Mayor Breed envisions this move as a transition from a traditional 9-to-5 business hub to a vibrant mixed-use neighborhood bustling round the clock. The recent announcement of Macy's closure of its flagship Union Square store adds to the evolving retail landscape, prompting the city to explore innovative solutions for these spaces.

San Francisco's potential for office-to-housing conversions stands out due to the unique characteristics of its downtown buildings, such as their size, layout, and proximity to public transit. According to a report by the San Francisco Bay Area Planning and Urban Research Association, nearly 40% of downtown buildings are deemed suitable for conversion, a significantly higher proportion compared to other North American cities.

However, challenges abound in making these conversions a reality.
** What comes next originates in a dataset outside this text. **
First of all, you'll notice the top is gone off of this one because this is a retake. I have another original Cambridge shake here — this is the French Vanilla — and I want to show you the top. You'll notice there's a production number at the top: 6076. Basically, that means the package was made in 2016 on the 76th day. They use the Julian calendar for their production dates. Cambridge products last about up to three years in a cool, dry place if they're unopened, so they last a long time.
Strict planning and building codes, coupled with high construction costs, pose significant obstacles. Some analysts are skeptical about the feasibility of such projects, citing data that suggests only 13% of office spaces are viable for conversion to multifamily housing.

Moreover, there are concerns about the potential impact on the local economy. A report by the offices of the San Francisco controller and economic-analysis unit warns that increased office-to-residential conversions could lead to job losses and a decline in the city's GDP. The study forecasts that converting every 100,000 square feet of office space could result in the elimination of 155 jobs and a $49 million reduction in GDP over a 20-year period.

Despite these challenges, a few office-to-housing conversions have already been realized, with more in the pipeline. For instance, a building in the Tenderloin district has been transformed into 56 apartment units, while plans for the conversion of the historic Warfield Building have been approved.

As San Francisco continues to grapple with its housing crisis and economic shifts, the success of these conversions could serve as a model for other cities facing similar challenges.